Innovative undergraduate research experiences to study Arctic water column chemistry and greenhouse gas flux

Nikolas VanKeersbilck1, Alessandra D'Angelo2, Cynthia Garcia-Eidell3, Frances Crable3, Samira Umar3, Humair Raziuddin3, Theressa Ewa3, Brice Loose4, Holly Morin2, Donglai Gong5, Miquel A Gonzalez-Meler6 and Amy Denton1, (1)California State University Channel Islands, Camarillo, CA, United States, (2)University of Rhode Island, Graduate School of Oceanography, Narragansett, RI, United States, (3)University of Illinois at Chicago, Chicago, IL, United States, (4)University of Rhode Island, Narragansett, RI, United States, (5)Virginia Institute of Marine Science, Gloucester Point, VA, United States, (6)Univ Illinois Chicago, Chicago, United States
Abstract:
The Northwest Passage Project (NPP), funded by the National Science Foundation and the Heising-Simons Foundation, is a collaborative project between the University of Rhode Island, the Swedish Polar Research Secretariat, the film company David Clark Inc., five minority serving institutions, and other research partners.
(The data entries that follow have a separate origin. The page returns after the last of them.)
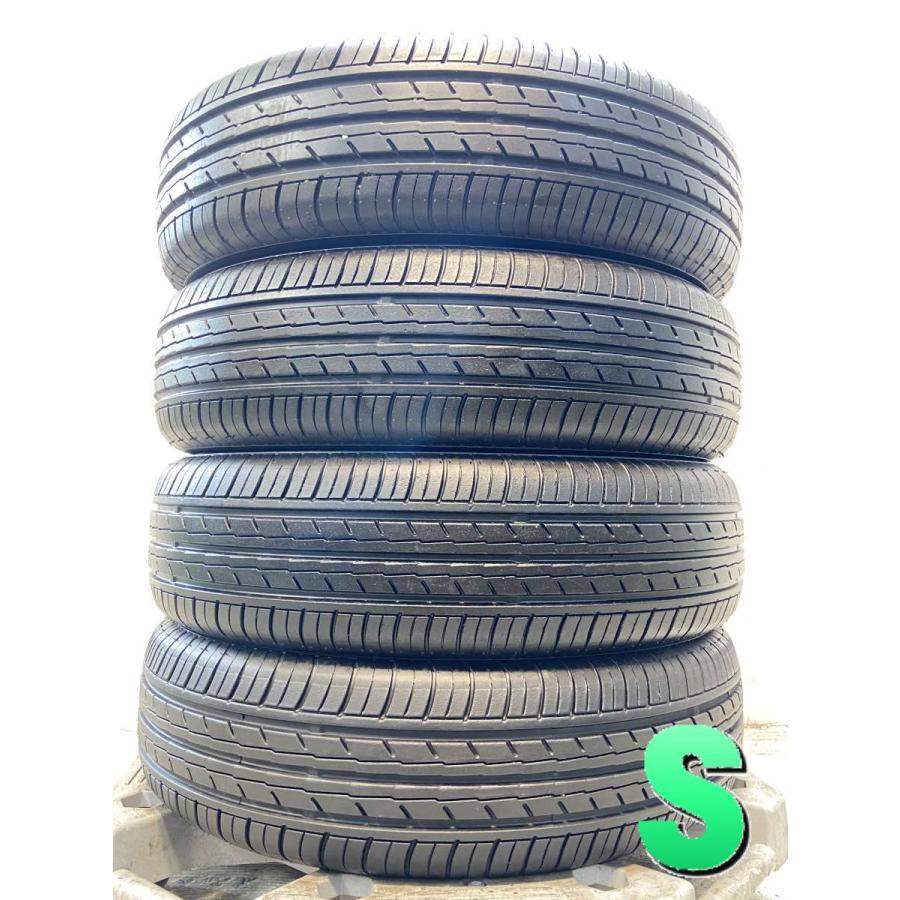 P177☆ヨコハマ ECOS 165/70R14 4本セット 残約5㎜☆中古品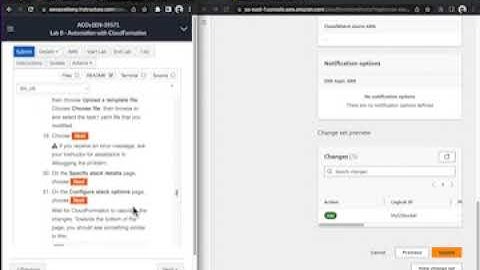Lab 8 Automation with CloudFormation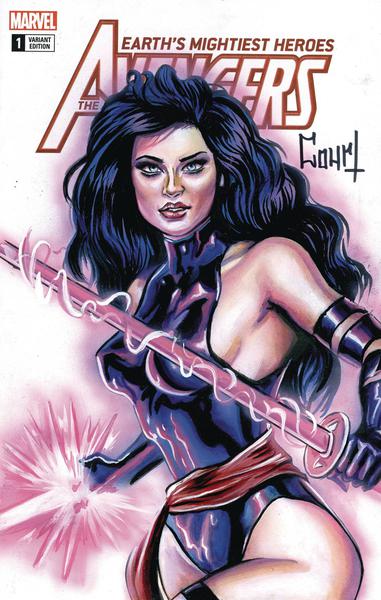 DF MARVEL CVR ART COURT SGN & REMARKED PSYLOCKE SKETCH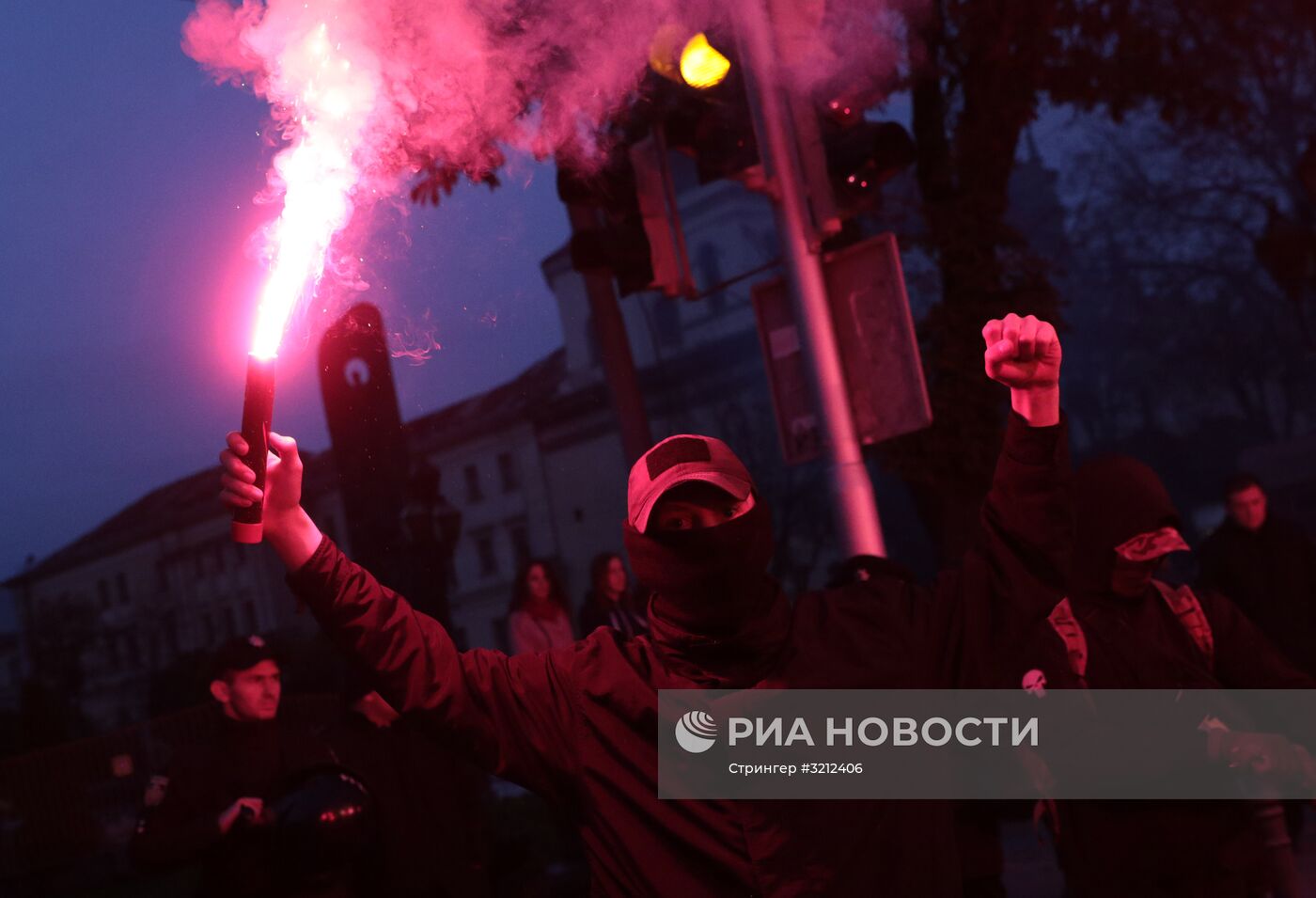 Акции националистов на Украине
The overarching goal of the NPP is to understand how the waters of the Canadian Arctic Archipelago (CAA) have changed as a consequence of rapid Arctic warming. The innovative, 18-day expedition aboard the Swedish icebreaker Oden focused on scientific research while also prioritizing science communication. In addition to having the opportunity to deploy oceanographic instruments and conduct data analysis, undergraduates were also heavily involved in interactive broadcasts from the ship. Science goals, methods, and preliminary results were shared with live audiences at the Smithsonian National Museum of Natural History, the Exploratorium, and the Alaska SeaLife Center. Broad public audiences were also engaged through Facebook Live events. This presentation will highlight these experiences, with a special focus on the work of the undergraduates and scientists who are part of the NPP chemistry group. Of particular interest during the expedition was the concentration and isotopic composition of methane and carbon dioxide, two prevalent greenhouse gases. Arctic sea ice has long limited sea-air exchange of methane and carbon dioxide, but with a warming Arctic, both of these gases are now readily being emitted into the atmosphere. The chemistry team focused on investigating changes in water chemistry and greenhouse gas source attribution, along with methanotrophic microbial activity in the CAA. The unique collaborative research and innovative science communication experiences of the undergraduate participants will be reviewed in addition to preliminary results from the expedition.